In other words, both the UK and ESA are following the capitalism model. They have left ownership and control of the de-orbit tug to Astroscale, which means they require it to obtain outside private investment capital on its own.

1 comment

American spaceplane startup signs deal with Australian spaceport startup

Australian commercial spaceports
Australia’s commercial spaceports. Click for original map.

The American spaceplane startup Titans Space, which hopes to develop a reusuable space plane based on designs developed in the 1970s by Rockwell, has now signed a deal with the Australian spaceport startup Space Port Australia to work together to find an Australian location for both building the spaceplane and launching it.

Titans Space, a company that is taking an innovative approach to the space industry, has ambitious plans to become the largest low-earth orbit and lunar space tourism company in the world, as well as the largest “real estate owner in space and the Moon”.

Space Port Australia, which is headquartered in the NSW regional town of Moree, is committed to creating an integrated space facility which fosters innovation, industry, education and helps grow Australia’s place in the space sector.

Though Titans has raised some investment capital, this project is right now in its aspirational phase. It is very possible none of this will happen. This announcement is mostly an attempt to generate interest in both projects.

As for Space Port Australia, if it finds a location for this project it would be the fourth spaceport in Australia, joining the three spaceports that already have completed or have planned launches, as shown on the map to the right.

6 comments

FCC approves use of Starlink for direct cell-to-satellite T-Mobile service

Despite objections from all of SpaceX’s competitors, the FCC has now approved the use of its Starlink constellation for direct cell-to-satellite service as part of T-Mobile’s cellular network.

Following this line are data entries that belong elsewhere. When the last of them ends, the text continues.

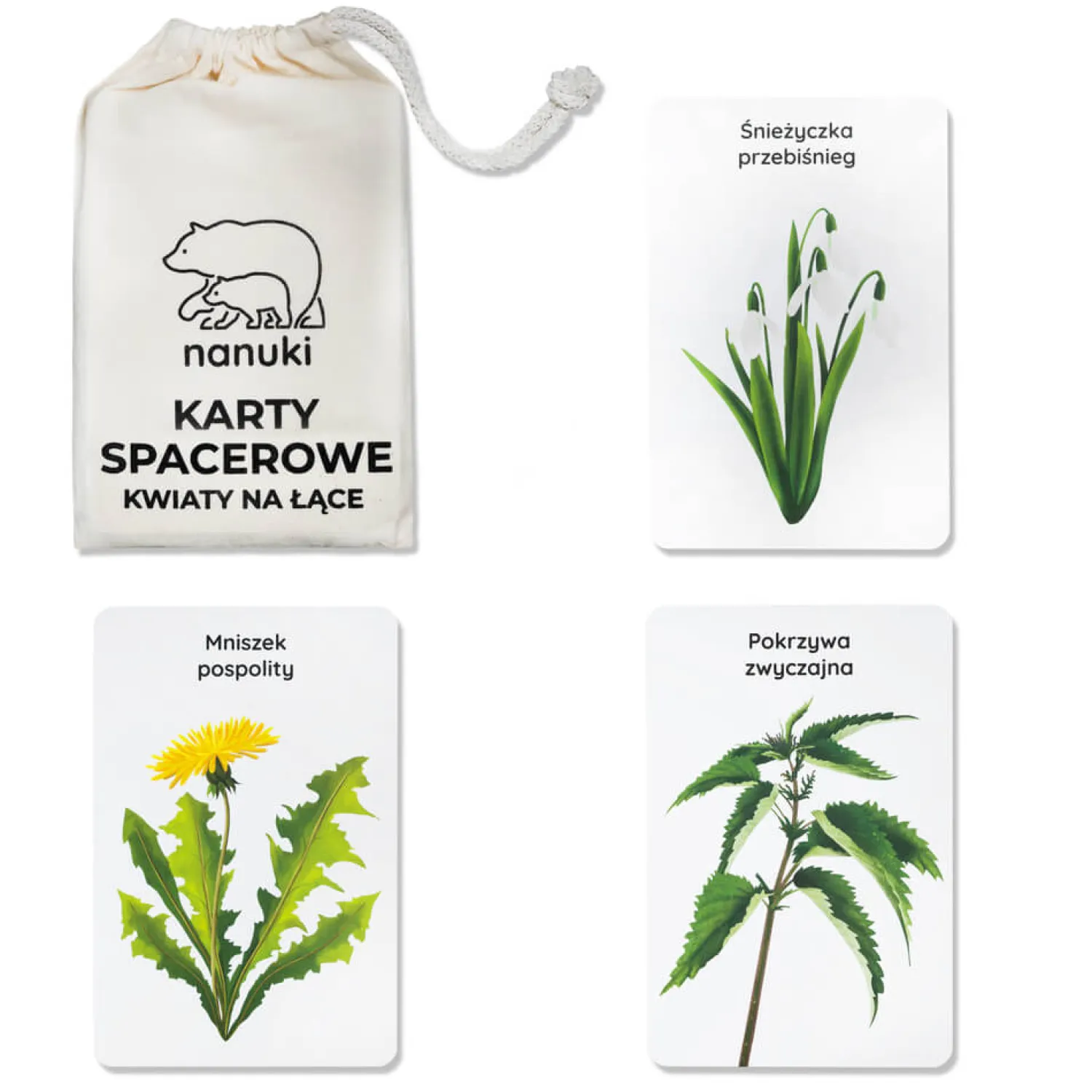 Nanuki Karty Spacerowe - Kwiaty Na Łące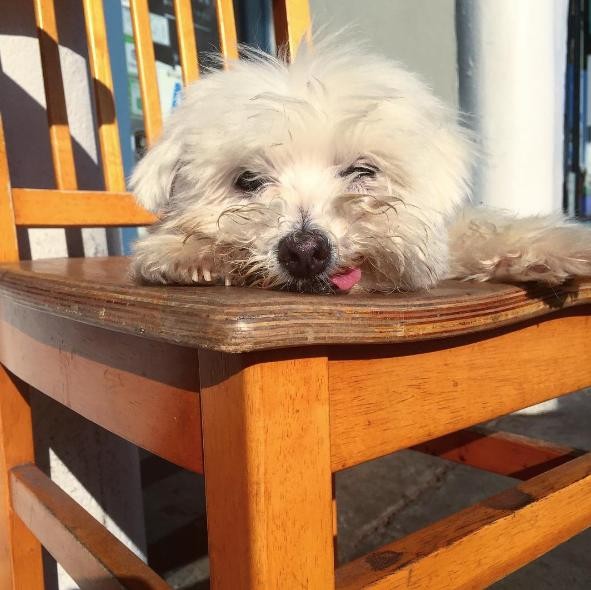 Photo credit: INSTAGRAM/TUSKTHEDOG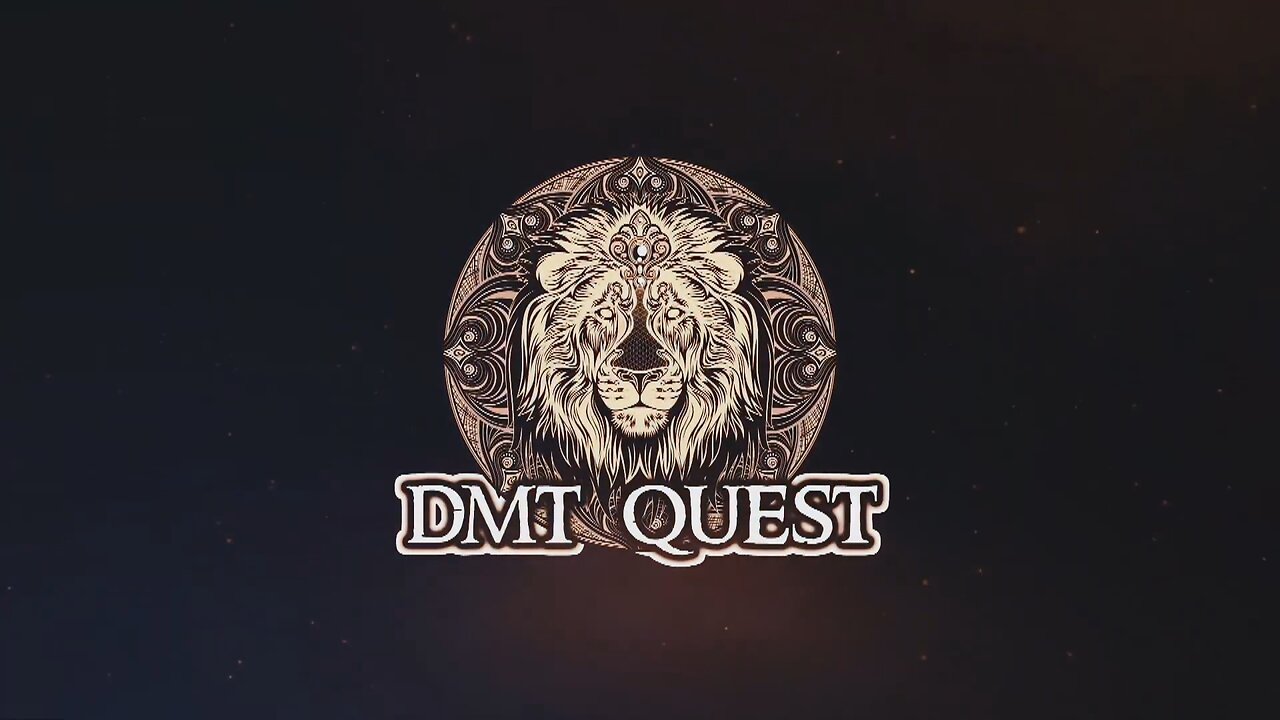 DMT Quest - Documentary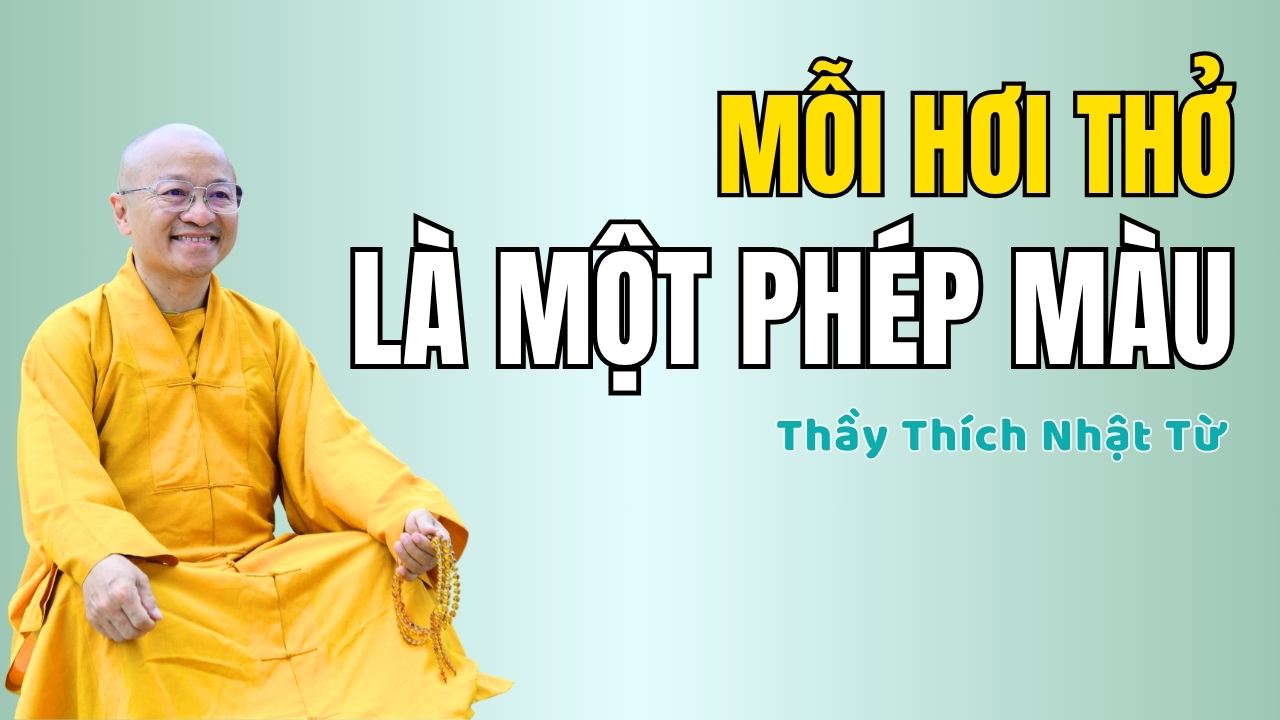 Khám phá sức mạnh hơi thở qua pháp ngữ Thầy Thích Nhật Từ cho tâm an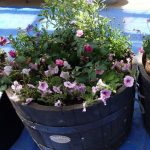 21コンテナ　世界の庭園前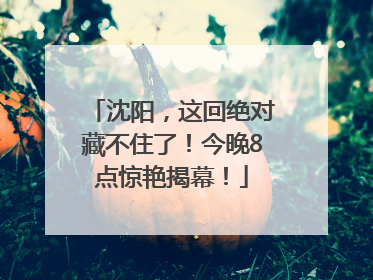 沈阳，这回绝对藏不住了！今晚8点惊艳揭幕！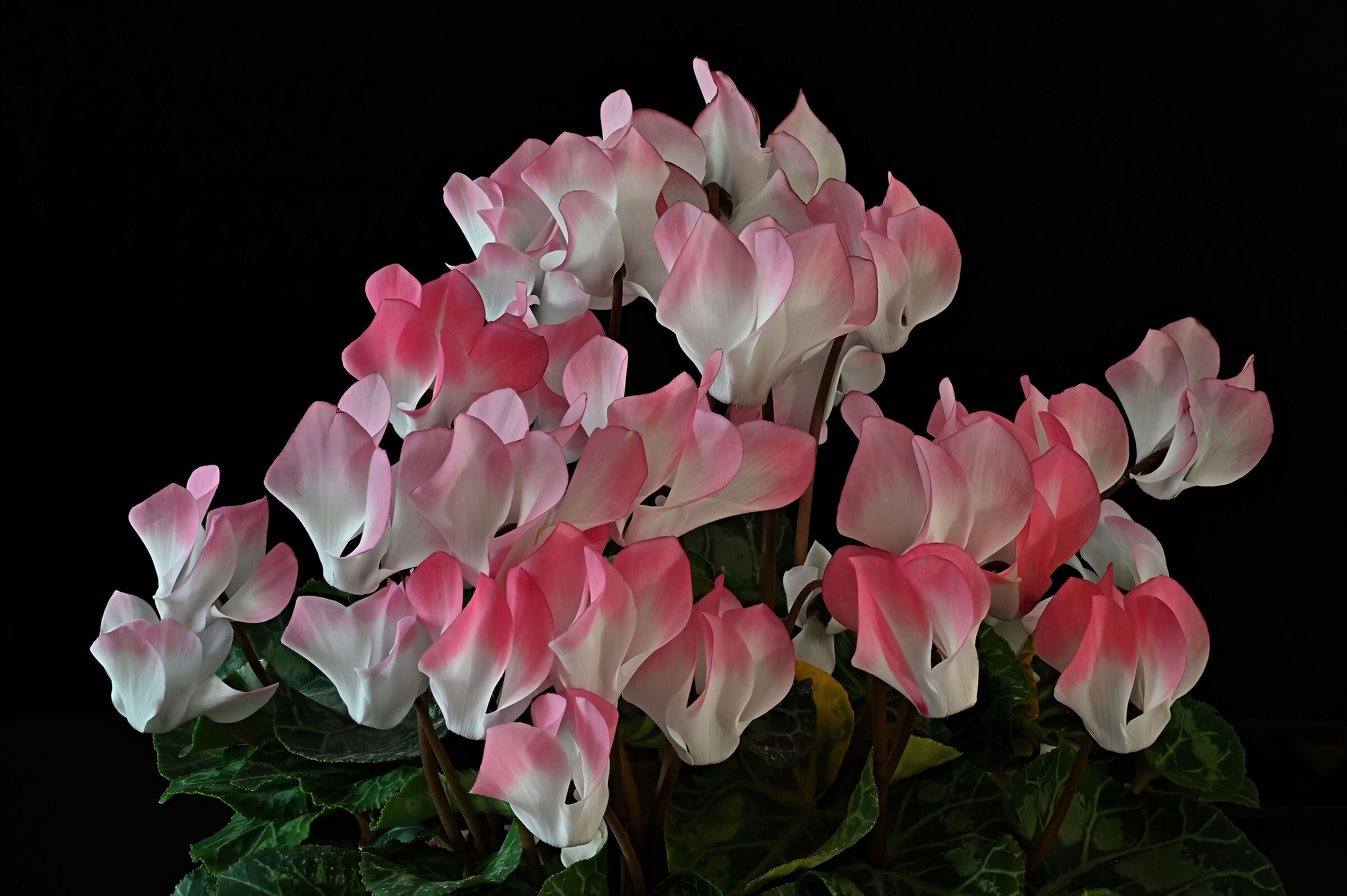 Cyclamen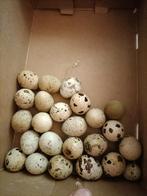Kwartel eieren, Dieren en Toebehoren, Pluimvee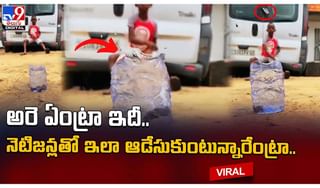 బీచ్‌లో సముద్ర పాములు.. చనిపోయినట్లుగా భ్రమించి కాటేస్తాయి..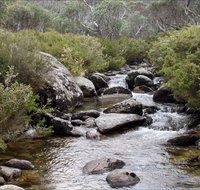 Thredbo River Track - Australia Accommodation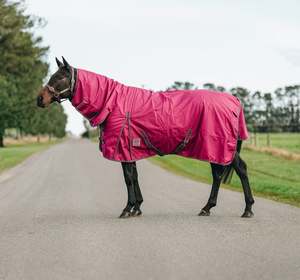 Horse Between Rugs: 1680D 100g Burgundy Detachable Set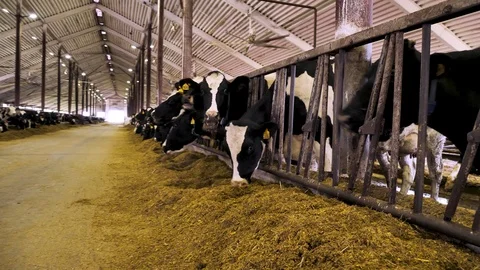 Cows feeding process on modern farm. Cows eating silage Stock Footage 126317181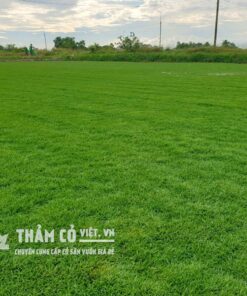 cách trồng cỏ paspalum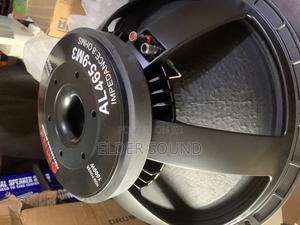 18” Omax Professional Naked Speaker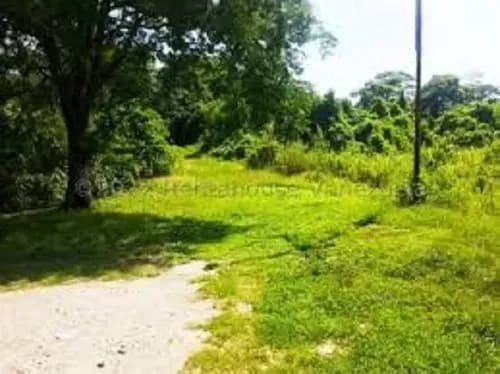 Terreno En Venta Puerto Encantado Zt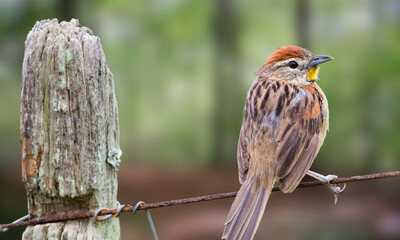 Hoary-throated Spinetail – Critically Endangered Forest Bird Native to the Amazon Basin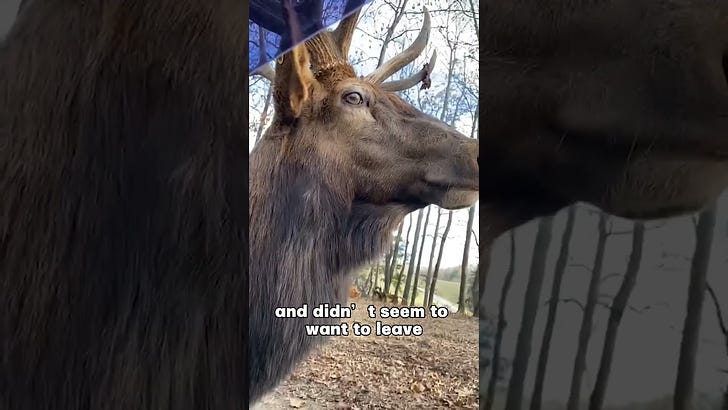 This elk rushed onto the highway, never attacking cars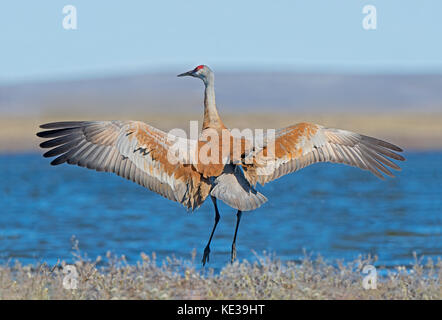 Sandhill Crane (Grus canadensis) Victoria Island, Nunavut, Arktis Kanada Stockfoto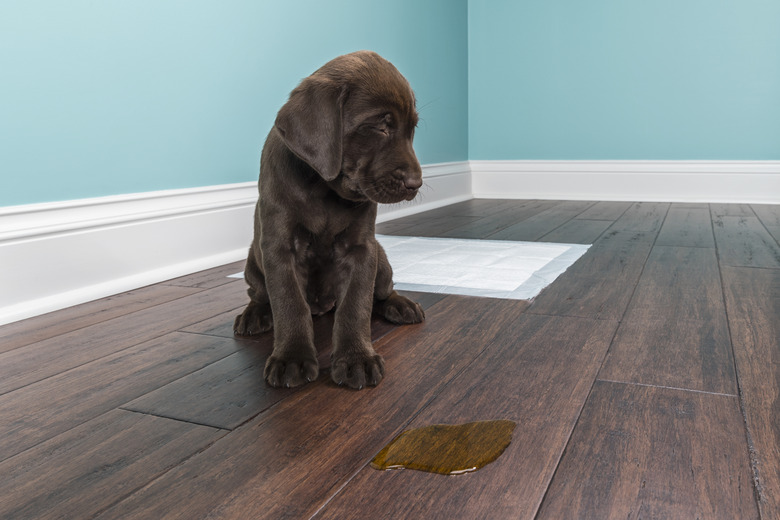 Pet urine hardwood floor best sale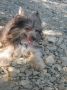 Ognenny Lotos Danusia PRA,PLL - clear Chinese Crested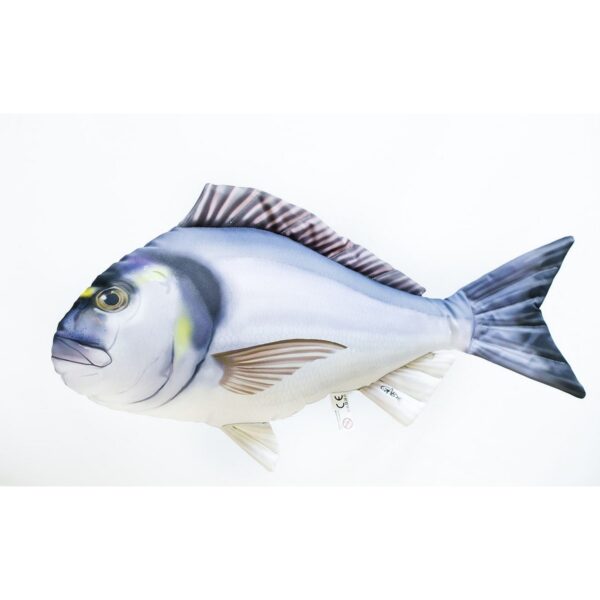 COJIN DORADA SPARUS AURATA 60CM
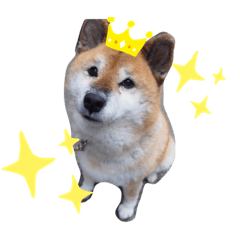 haruna_20190815153619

The decision noted that many technical issues still must be cleared.

There are a few limitations on how this type of service (which the FCC calls “supplemental coverage from space,” or SCS) can work. Right now it officially has to operate as an extension of an existing terrestrial provider, in this case T-Mobile. That’s because the regulations on how you broadcast stuff in space are different from those for how you broadcast stuff to and from a phone (as opposed to a base station antenna). AT&T, for its part, is partnering with AST SpaceMobile.

SpaceX must also be sure that its service does not interfere with other services on the ground, while the ground services do not have to worry about whether they might interfere with the satellite signals.

Nonetheless, this approval likely means that soon users of T-Mobile (as well as AT&T) will no longer have any dead zones. When there are no cell towers available, their phones will simply access the orbiting constellations of either Starlink or AST SpaceMobile.

1 comment

ESA flies suborbital rocket from Swedish spaceport

Proposed spaceports surrounding Norwegian Sea
Proposed spaceports surrounding Norwegian Sea

The European Space Agency (ESA) yesterday successfully flew a small suborbital rocket from the Esrange spaceport in Sweden, completing the sixteenth such flight since 1987.

The rocket reached an altitude of 256 km before falling back to Earth and providing approximately six minutes of microgravity to six scientific experiments onboard.

…All systems performed well during the flight and the valuable payloads were recovered by helicopter soon after landing. Flight samples of the experiments will now be returned for further analysis to science teams from Sweden, Germany and Finland, after more than two years of preparations.

This suborbital launch is only a preliminary of much bigger things to come. The rocket startup Firefly is building a launchpad at Esrange for orbital launches. Furthermore, the European startup MaiaSpace, a subsidary of ArianeGroup, plans to do tests of its partly reusable Maia rocket there in 2025.